Wherein, at the central position of the solar cell 1, a central ring thin grid line 5 is arranged, and the corresponding solar cell 1 in the central ring ring thin grid line 5 is not provided with a thin grid line, and several thin grid lines in a radial shape The wires 4 are all connected with the thin grid wires 5 of the central ring. Because the light intensity in the center of the converged light spot is extremely high, and the thin grid lines form a cross junction in the central area, because the thin grid lines reflect the concentrated light incident on the surface of the solar cell, and the light intensity in the center is extremely high, so It will cause the cross joint point of the fine grid lines in the center of the light-receiving area to have a more obvious reflection effect on high-intensity incident light. By designing the central area of the solar cell as a blank area, that is, there is no thin grid line in the central ring thin grid line, it is beneficial to reduce the reflection effect of the thin grid line on incident light, and because the central ring thin grid line surrounds, It can also ensure the collection of the photo-generated current generated in the central area, so that the efficiency of the solar cell can be further improved.

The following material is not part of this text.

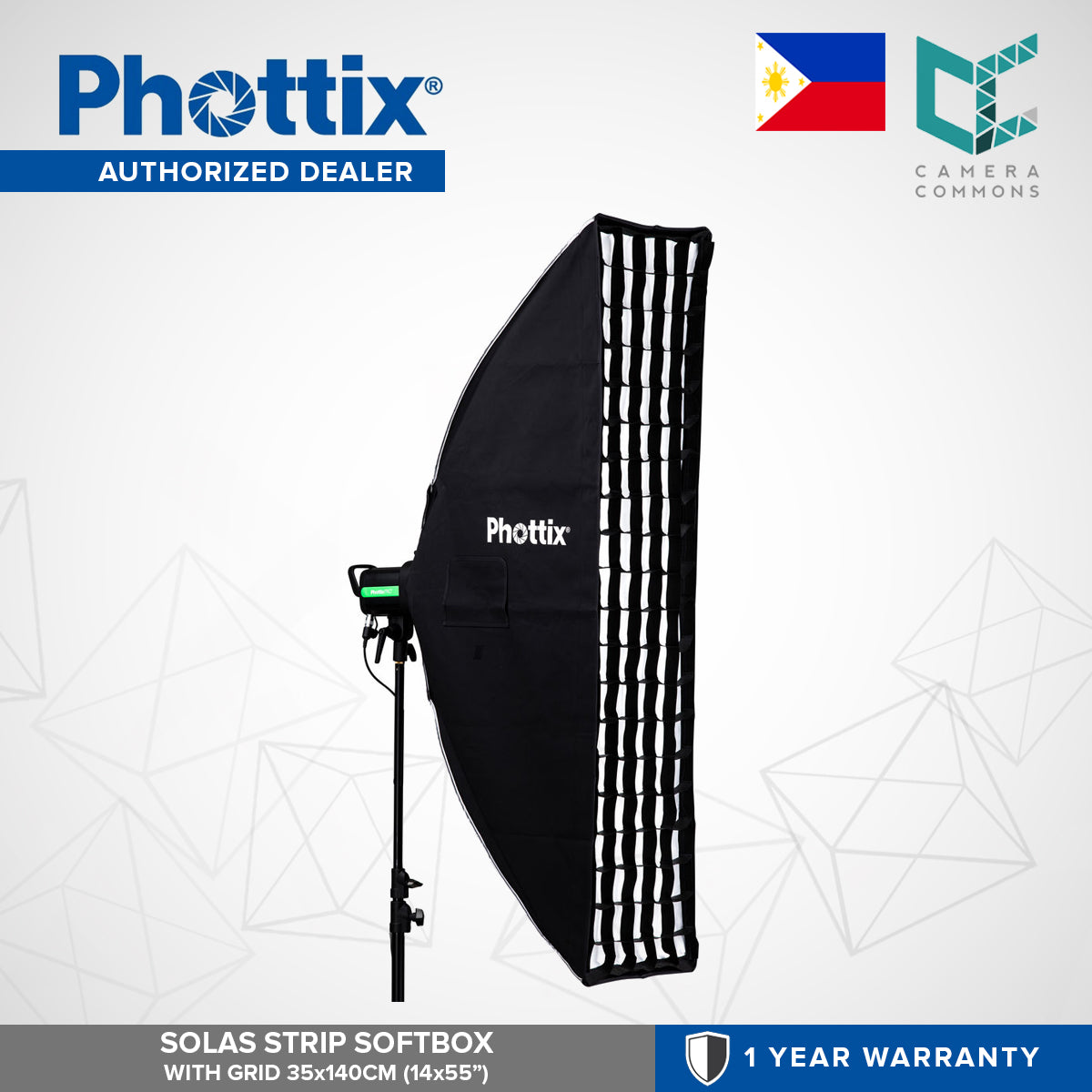 Phottix Solas Strip Softbox with Grid 35x140cm 14x55 inches PH82617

The above descriptions are only preferred embodiments of the present invention, and are not intended to limit the present invention. Any modifications, equivalent replacements and improvements made within the spirit and principles of the present invention should be included in the protection of the present invention. within range.

Claims (2)

1. tie GaAs solar battery surface grid line structure one kind more, comprise solar cell (1), it is characterized in that: effective light area (2) on described solar cell (1) surface is rounded, on described solar cell (1), part outside effective light area (2) is main gate line (3), radially equally distributed some thin grid lines (4) are provided with centered by solar cell (1) mid point in described effective light area (2), the luminous energy being injected into effective light area (2) is effectively doubly converted to electric energy, the electric current of opto-electronic conversion is reached in main gate line (3) after being collected by thin grid line (4).

2. many knot GaAs solar battery surface grid line structures according to claim 1, it is characterized in that: the center of described solar cell (1) is provided with the thin grid line of central circular (5), solar cell (1) corresponding in the thin grid line of described central circular (5) is not provided with thin grid line, and all thin with the central circular grid line (5) of radial some thin grid lines (4) is connected.